N’étant pas stratège, nous ne saurions dire par où s’accrocheront les adversaires. Nous avons entendu sur ce point bien des choses dont la vraisemblance ne nous a pas paru satisfaisante ; ces jours derniers encore nous entendions parler de points d’appui en Asie même pour des flottes conjuguées d’Amérique et de Grande-Bretagne… Faudrait-il encore que l’entente politique des deux pays existât au préalable, et d’autres ententes aussi ; nous craignons, en effet, que ceux qui espèrent pouvoir « compter les coups » ne se trompent. Mais laissons de côté les hypothèses et constatons que dès le début des affaires actuelles, Londres ne s’est pas laissé entraîner par Washington contre Tokio. Visiblement, les Américains entendent mener du point de vue international, mais ils le font avec une modération non moins évidente.

Et cependant, l’envoi de leurs navires dans les eaux chinoises a immédiatement pris devant l’opinion mondiale un caractère différent de celui qu’a eu l’envoi d’autres forces navales étrangères. Immédiatement, les deux concurrents d’aujourd’hui en Chine se sont détachés en adversaires de demain sur l’horizon du Pacifique. Américains et Japonais, malgré la forme modérée des notes qu’ils ont échangées, ont fait songer à autre chose qu’à Chapeï, et ce qui ne passait pour certains que pour de simples vues de l’esprit, soudain prît l’aspect de possibilités, disons de réalités en puissance. On peut dire que pendant ces dernières semaines, l’opinion publique a fait partout, à cet égard, un progrès considérable. Est-ce à dire qu’elle doive s’alarmer ? Non.

Le conflit du Pacifique nécessitera des décisions et des mesures préalables dont la succession ne pourrait pas échapper totalement à l’observateur. Mais nous tenons pour un avertissement ce qui se passe à Shanghaï. Le destin a voulu qu’à la suite de la malheureuse affaire créée inconsidérément en Mandchourie, le boycottage, l’arme que les Chinois manient avec le plus de succès, frappât si cruellement les Japonais dans leur commerce, que ceux-ci furent dans l’obligation de riposter.

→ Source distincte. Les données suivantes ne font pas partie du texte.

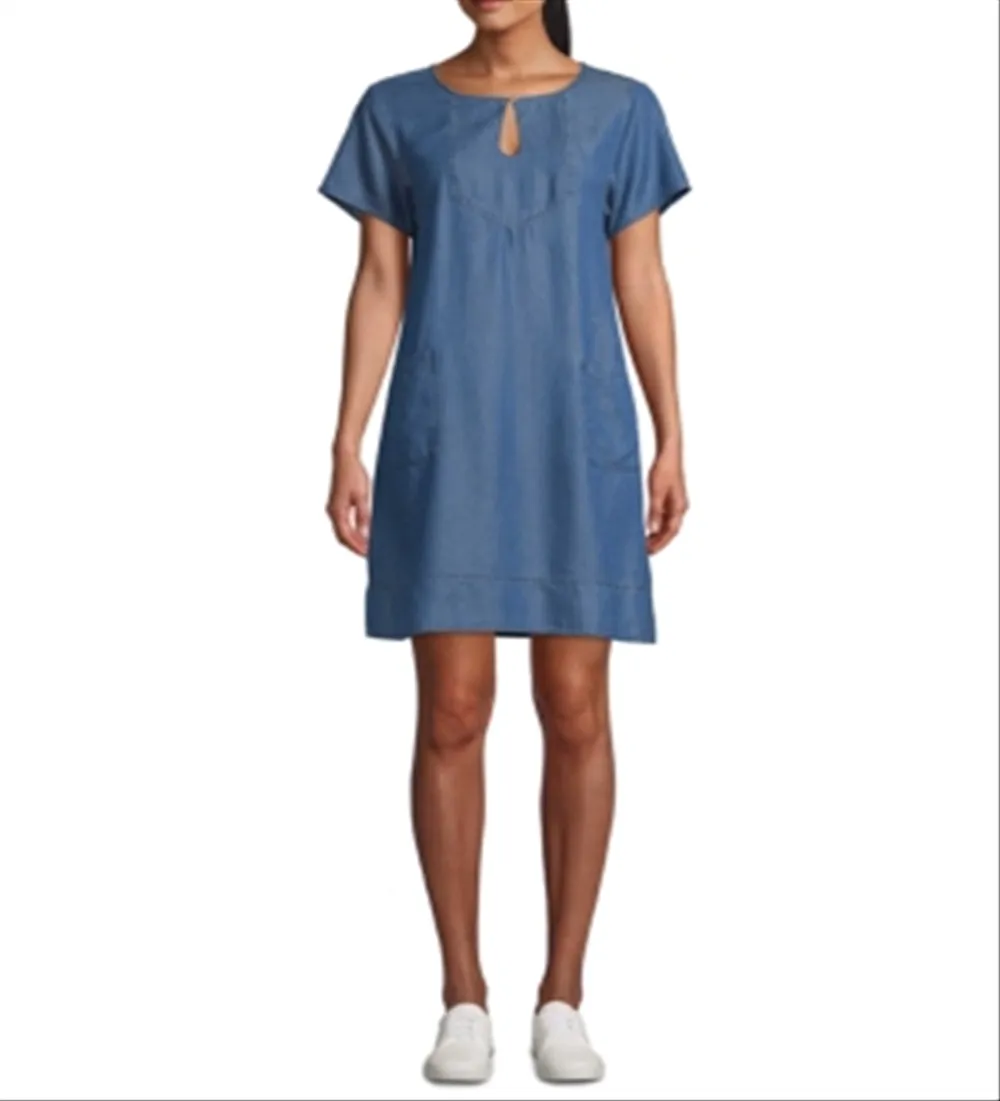 John Paul Richard Women's Keyhole Short Sleeve Shift Dress Blue Size Petite Large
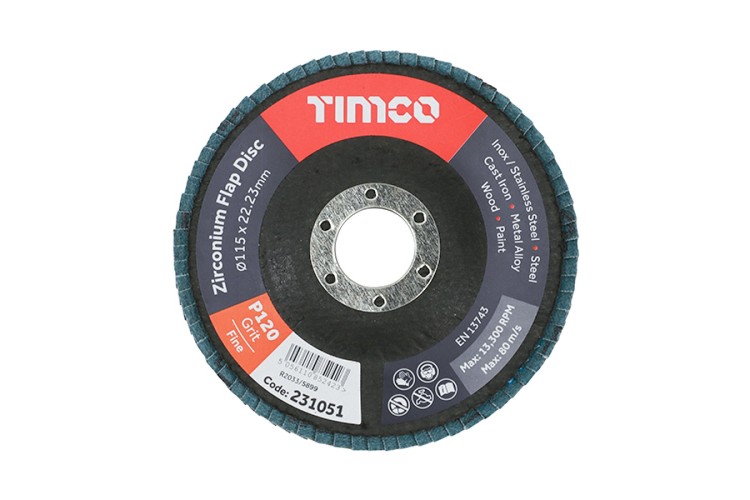 115MM X 22.3MM ZIRCONIUM P120 GRIT FLAP DISC 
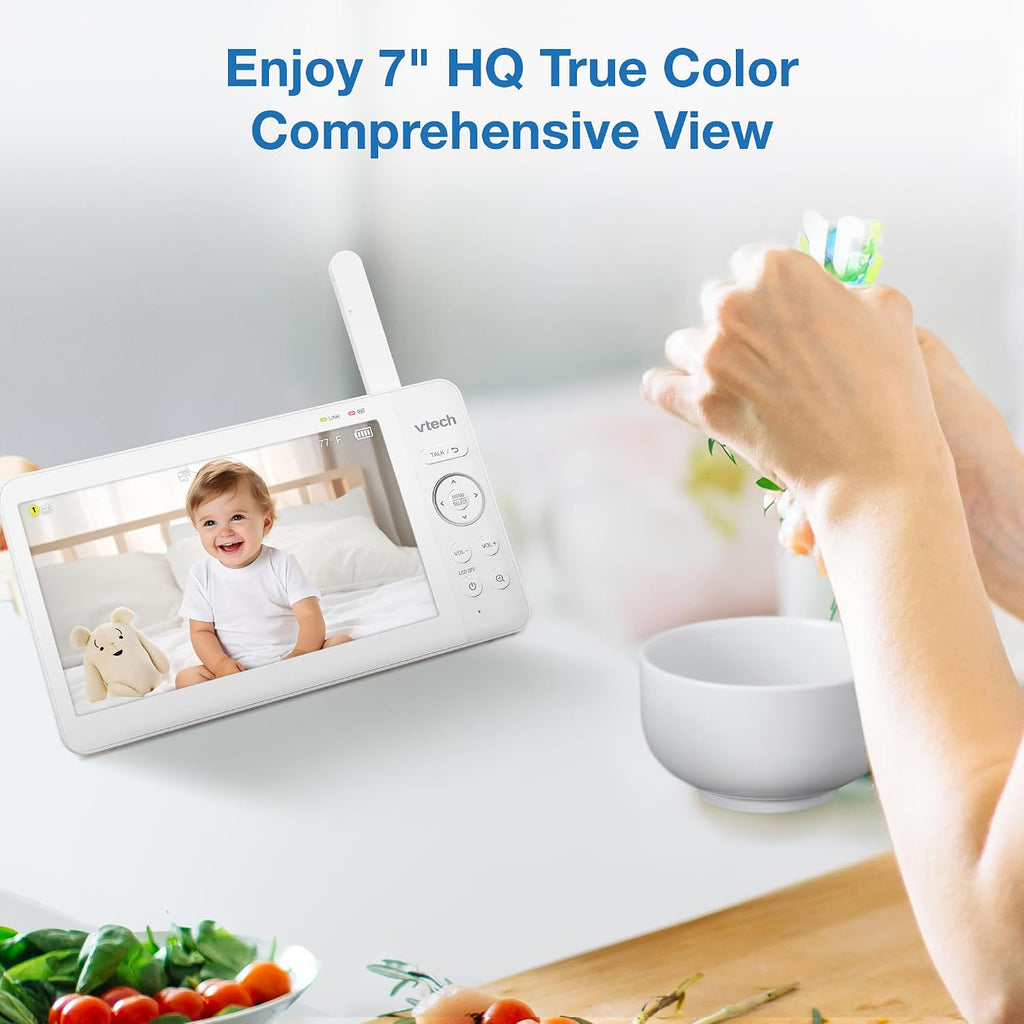 Baby Monitor No WiFi, 7" IPS Screen, 5000mAh 12Hr Battery, 360° PTZ, 4X Zoom, Night Vision, Night Light, 2-Way Talk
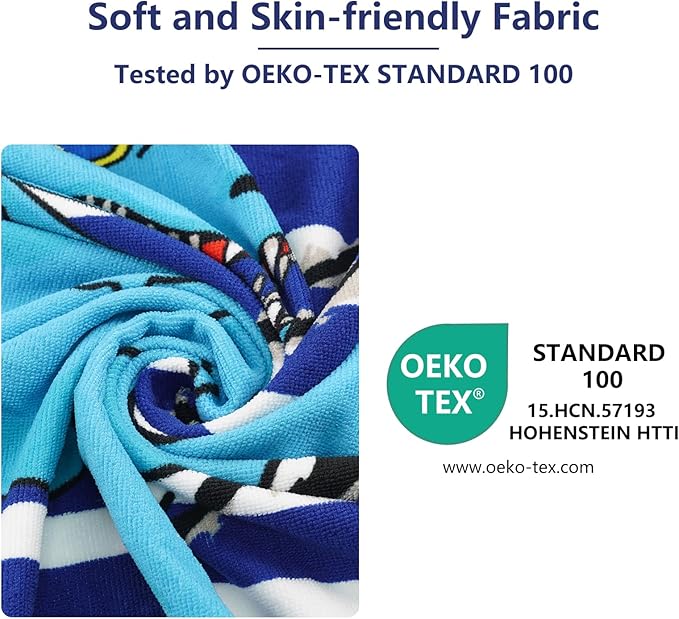 MOKANI Kids Hooded Poncho Towels, Soft & Absorbent Microfiber Beach Towel, Swimming Pool Changing Robe Bathrobe Bath Towel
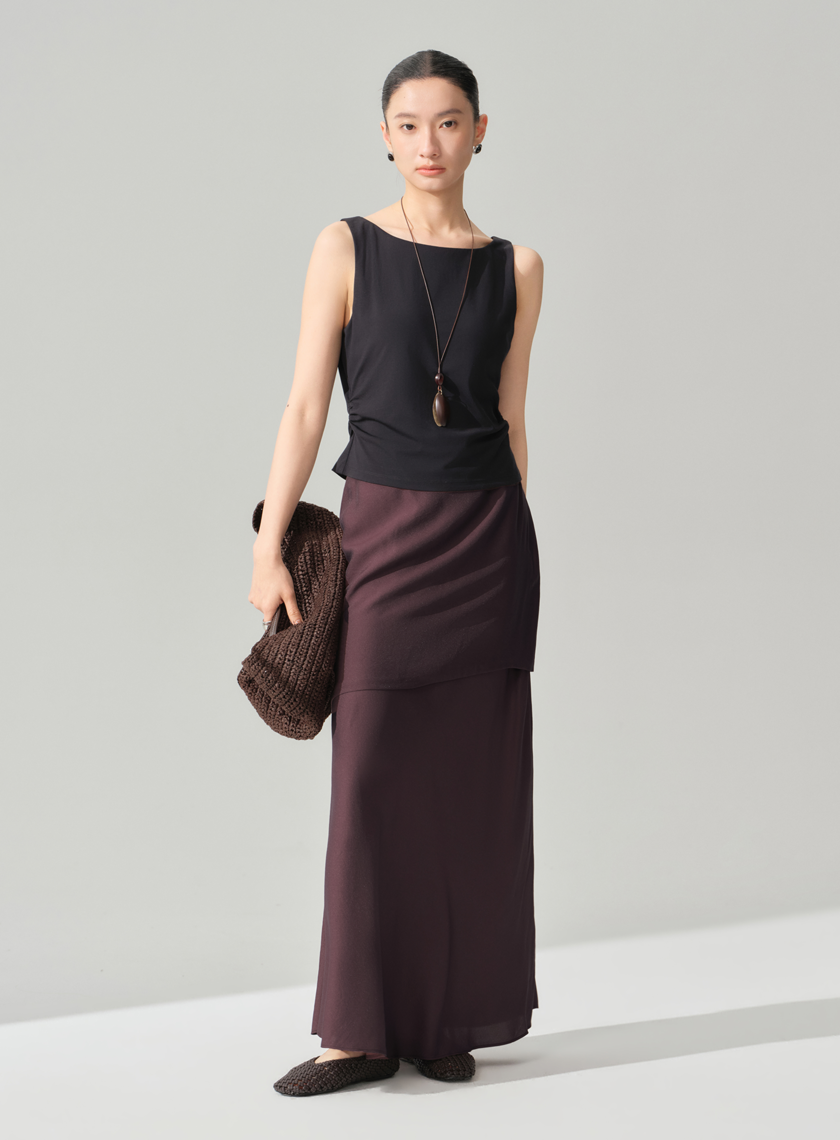 船領收腰涼感短袖上衣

Ne pouvant atteindre individuellement leurs clients d’hier et les convaincre de leur passer des commandes, ils s’en prirent aux organisations antijaponaises installées à Shanghaï et dont les ramifications s’étendent jusqu’au fond de la Chine, puis au gouvernement de Nankin qui, pour le moins, laissait faire.

Bref, l’action de force des Japonais à Shanghaï, où sont 25 000 blancs, inquiète naturellement ces derniers et met leurs gouvernements dans la nécessité d’intervenir. Le rappel par les signataires de la conférence de Washington du fameux principe de la « porte ouverte » a paru suffire à ces gouvernements en Mandchourie. À Shanghaï il ne leur a pas suffi. Leurs vaisseaux sont venus mouiller devant la grande cité. Les notes diplomatiques ont pris un tour plus pressant, ont eu plus de précision. Tout ce qui pouvait être dit sur un certain ton a été dit. Le haussera-t-on ? Pas cette fois. Le conflit n’est pas mûr, autrement dit les esprits ne sont pas suffisamment entraînés à l’idée de recourir à l’unique moyen de modifier une situation de fait créée par la force : une plus grande force opposée. Car le conflit — comme la paix — doit être dans les esprits avant d’exister dans les faits.

Mais un premier pas a été fait qui n’est plus à faire. Le contact a été pris, à l’occasion de la Chine, entre Américains et Japonais.